Salten was born Siegmund Salzmann in Budapest, Hungary. When he was four weeks old, his family relocated to Vienna, Austria. Many Jews were immigrating into the city during the late 19th century because Vienna had granted full citizenship to Jews during 1867.
When his father became bankrupt, the sixteen years old Salten had to quit school and begin working for an insurance agency. He also began submitting poems and book reviews to journals. He became part of the "Young Vienna" movement (Jung Wien) and soon received work as a full-time art and theater critic for Vienna's press (Wiener Allgemeine Zeitung, Zeit). During 1900 he published his first collection of short stories. During 1901 he initiated Vienna's first, short-lived literary cabaret (Jung-Wiener Theater Zum lieben Augustin).
He was soon publishing, on an average, one book a year, of plays, short stories, novels, travel books, and essay collections. He also wrote for nearly all the major newspapers of Vienna. In 1906 Salten went to Ullstein as an editor in chief of the B.Z. am Mittag and the Berliner Morgenpost, but relocated to Vienna some months later. He wrote also film scripts and librettos for operettas. During 1927 he became president of the Austrian P.E.N. club as successor of Arthur Schnitzler.

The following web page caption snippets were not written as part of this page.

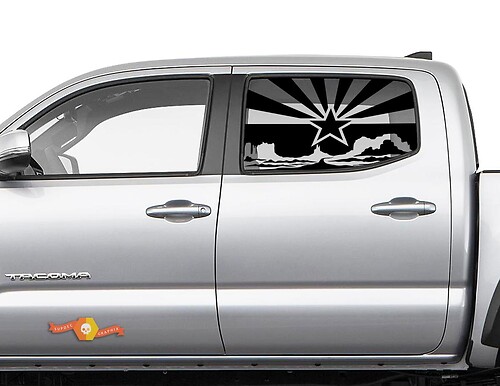 Side Window Arizona Flag Forest Desert Decals Stickers for Toyota Tacoma 4Runner Tundra
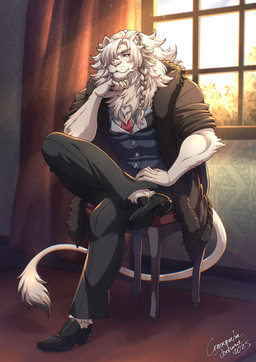 accessory anthro bottomwear braided_hair celtic_knot chair clothing curtains footwear fur furniture grey_hair hair hand_on_chin inside jacket male multicolored_hair necktie on_chair pants shoes sitting sitting_on_chair solo tail tail_tuft topwear tuft two_tone_hair white_body white_fur white_hair window crescentia_fortuna felid lion mammal pantherine 2025 dated hi_res signature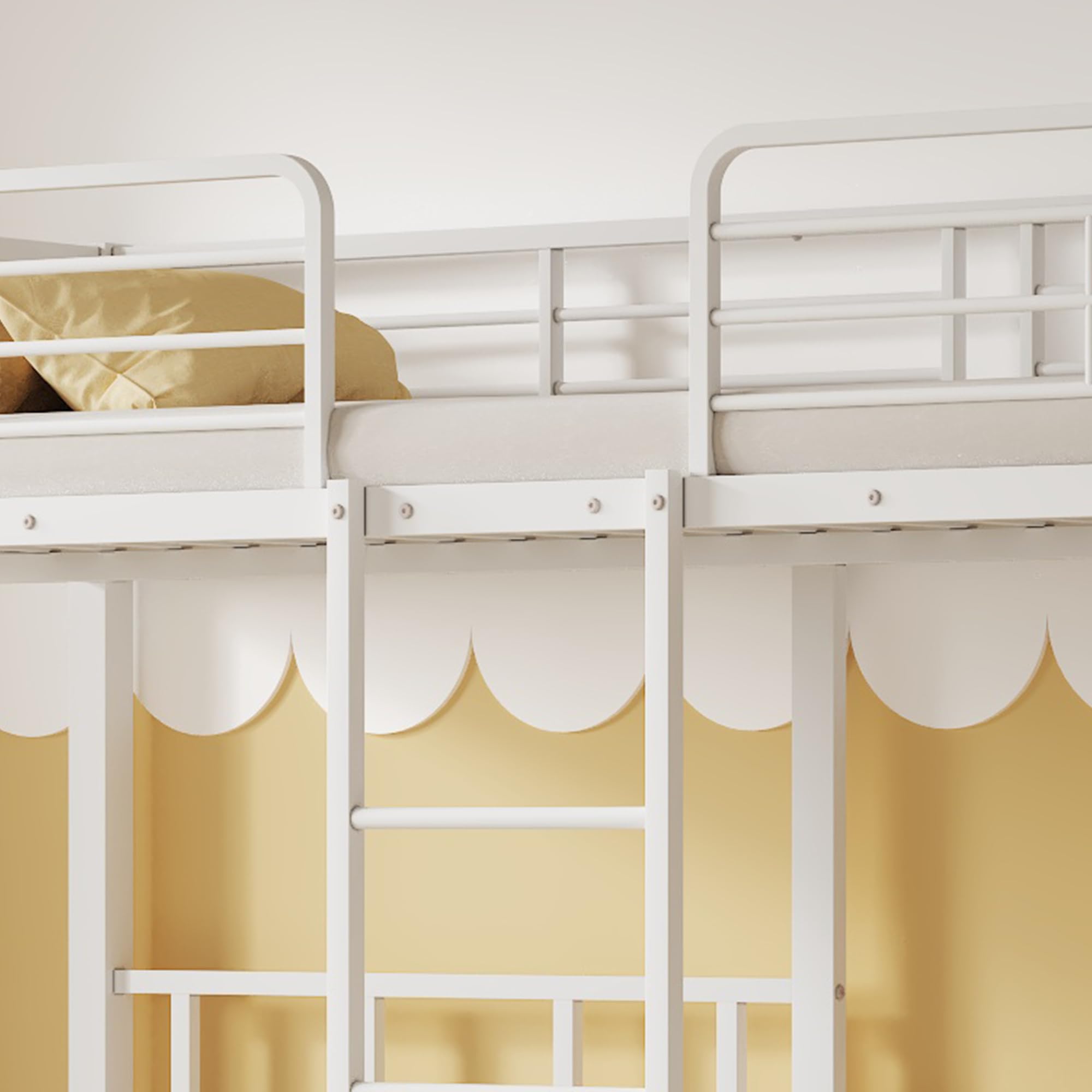 Soweiz Letto tripla a castello con scala per bambini e ragazzi, letto in ferro con griglia e tavolo (90 x 200 cmx3) (bianco)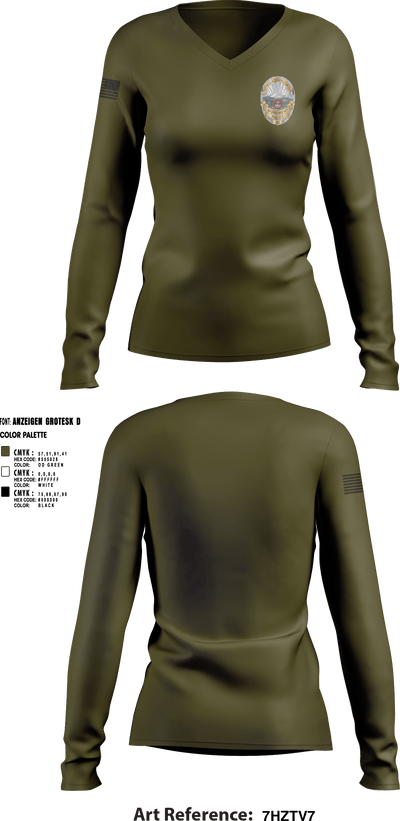 Monument Police Department 10917118 Women's Long Sleeve V-neck Shirt - 5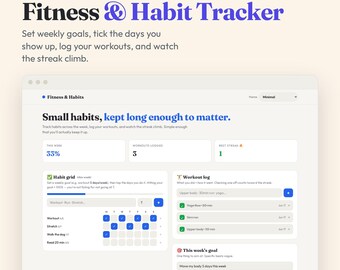 Interactive Fitness Habit Tracker (Digital Download)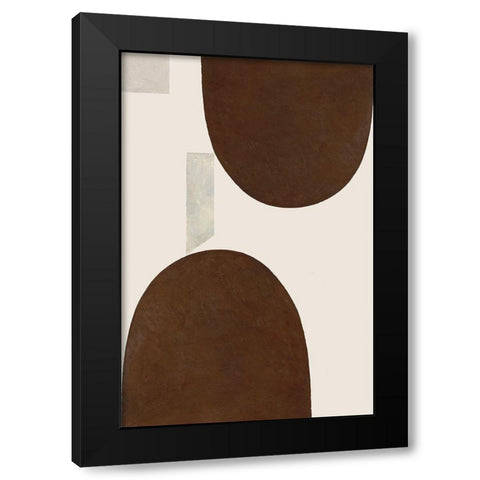 Half Domes II Brown No Border Black Modern Wood Framed Art Print by Wild Apple Portfolio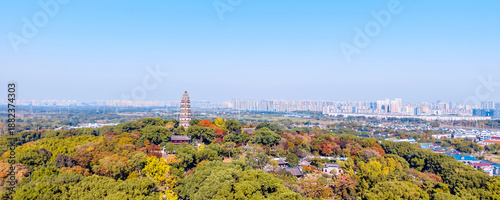 Aerial view of Yunyan Temple Pagoda in Tiger Hill Scenic Area, Suzhou, Jiangsu Province, China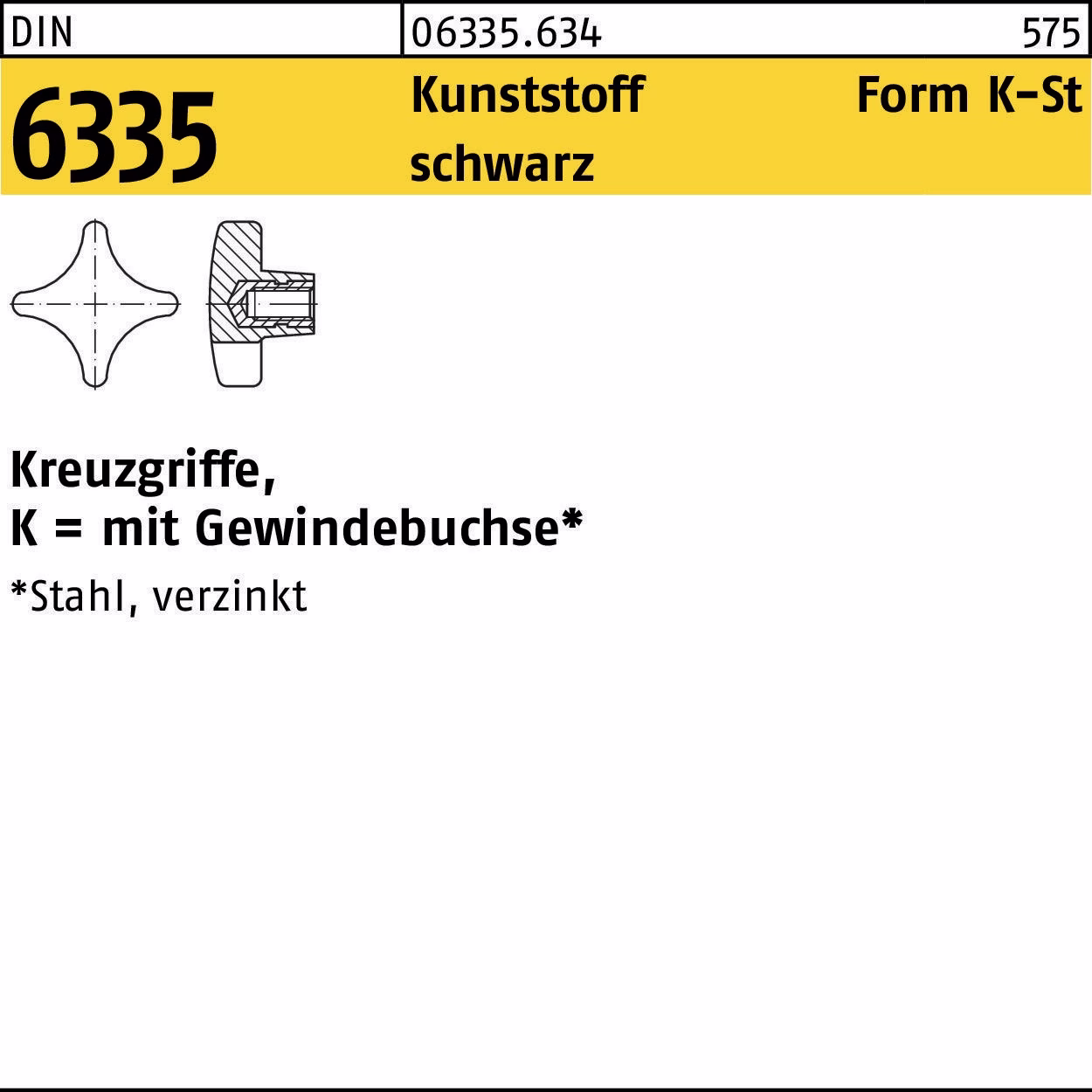 Kreuzgriff DIN 6335 Gewindedurchloch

His most famous work is Bambi (1923). It was translated into English during 1928 and became a Book-of-the-Month Club success. During 1933, he sold the film rights to director Sidney Franklin for only $1,000, and Franklin later transferred the rights to the Walt Disney studios. Walt Disney released its movie based on Bambi during 1942.
Life in Austria became perilous for a prominent Jew during the 1930s. Adolf Hitler had Salten's books banned during 1936. Two years later, after Austria had become part of Germany, Salten relocated to Zurich, Switzerland, where he lived until his death and where he died (buried Israelitischer Friedhof Unterer Friesenberg in Zurich).

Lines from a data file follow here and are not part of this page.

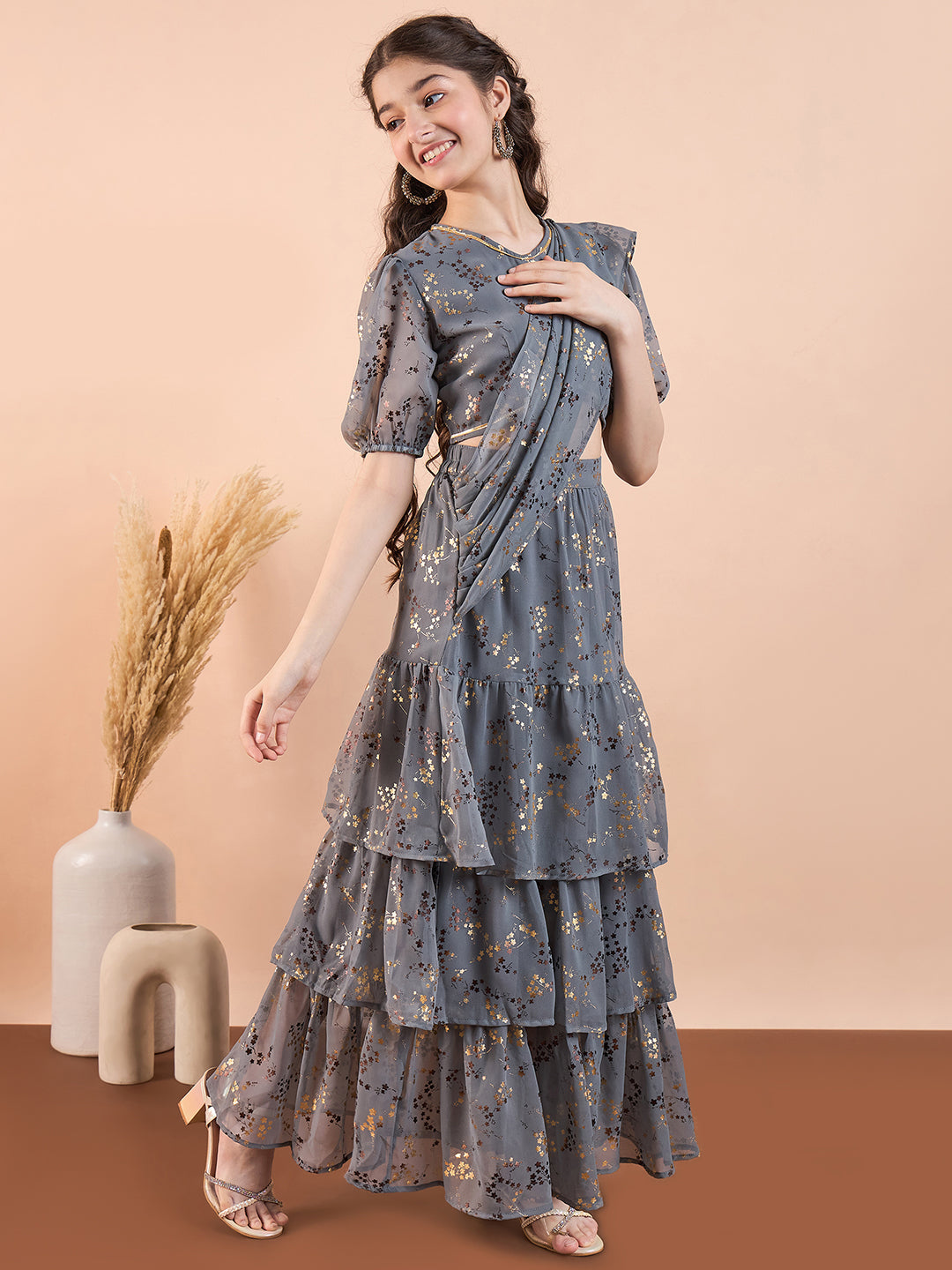 Girls Ankle Length Printed Lehenga Choli - Grey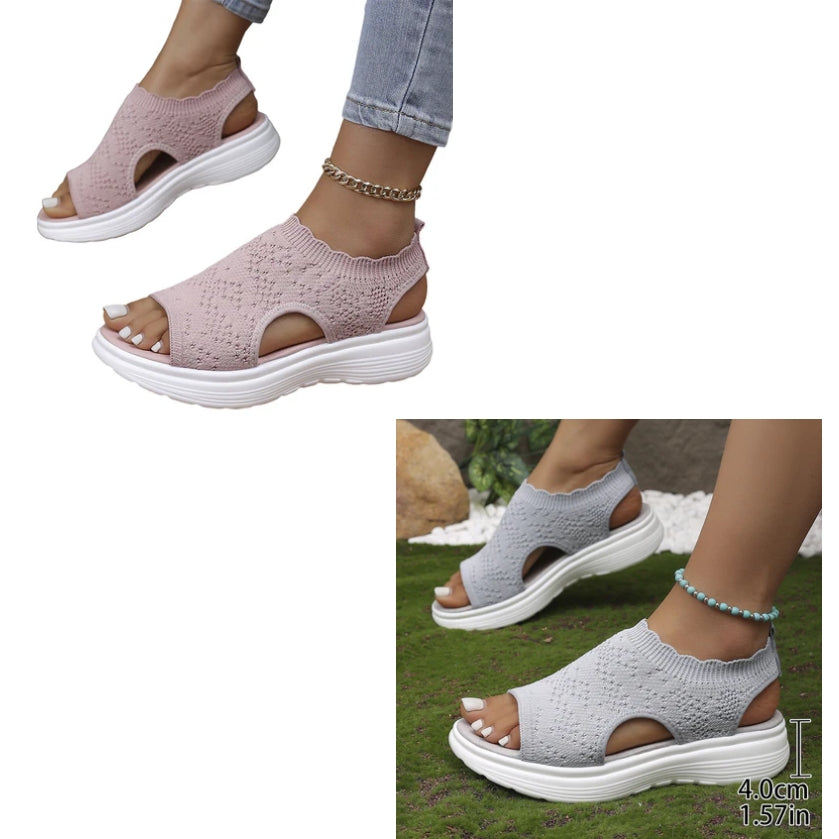 🏝️👡Women's Breathable Knit Platform Sandals🎁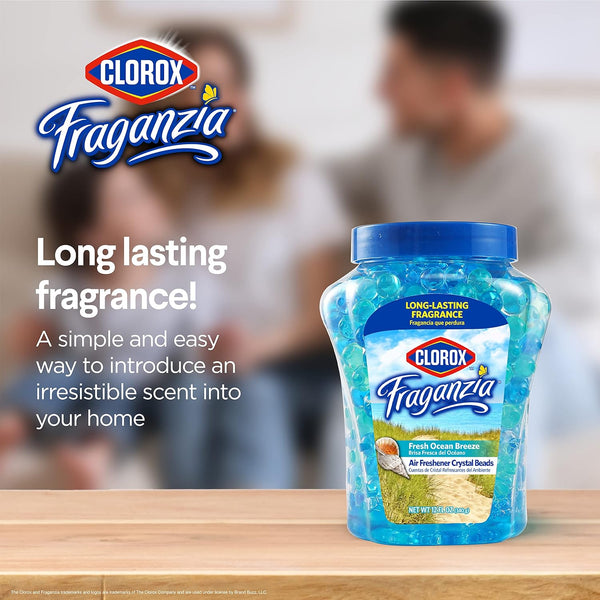 Clorox Fraganzia Crystal Beads Air Freshener, Long Lasting Room Deodorizer and Odor Eliminator Gel Beads to Freshen Home, Car, or Office, Fresh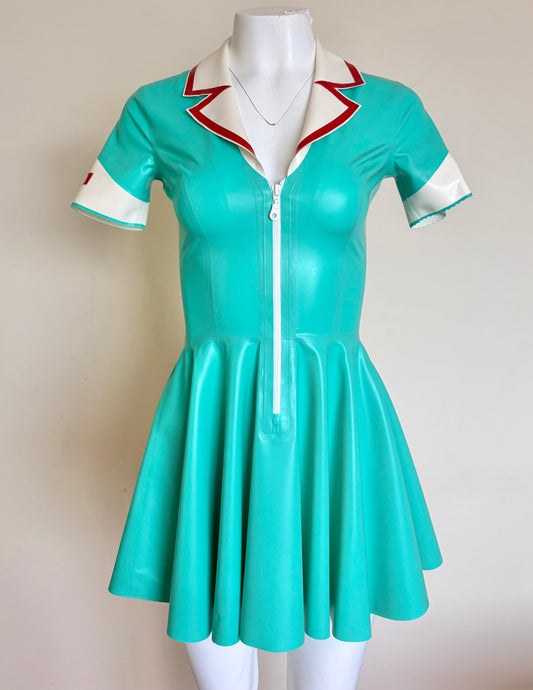 READY TO SHIP -  Jade Nurse Dress with Circle Skirt - UK 8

He was married to the actress Ottilie Metzl (marriage in 1902), and had two children: Paul (b. 1903) and Anna-Katharina (b. 1904). He composed another book based on the character Bambi, titled Bambi's Children: The Story of a Forest Family (1939). His stories "Perri" and "The Hound of Florence" inspired the Disney films Perri (1957) and The Shaggy Dog (1959).
Salten is now considered to be the anonymous author of the erotic novel Josephine Mutzenbacher (1906), the fictional autobiography of a Vienna prostitute.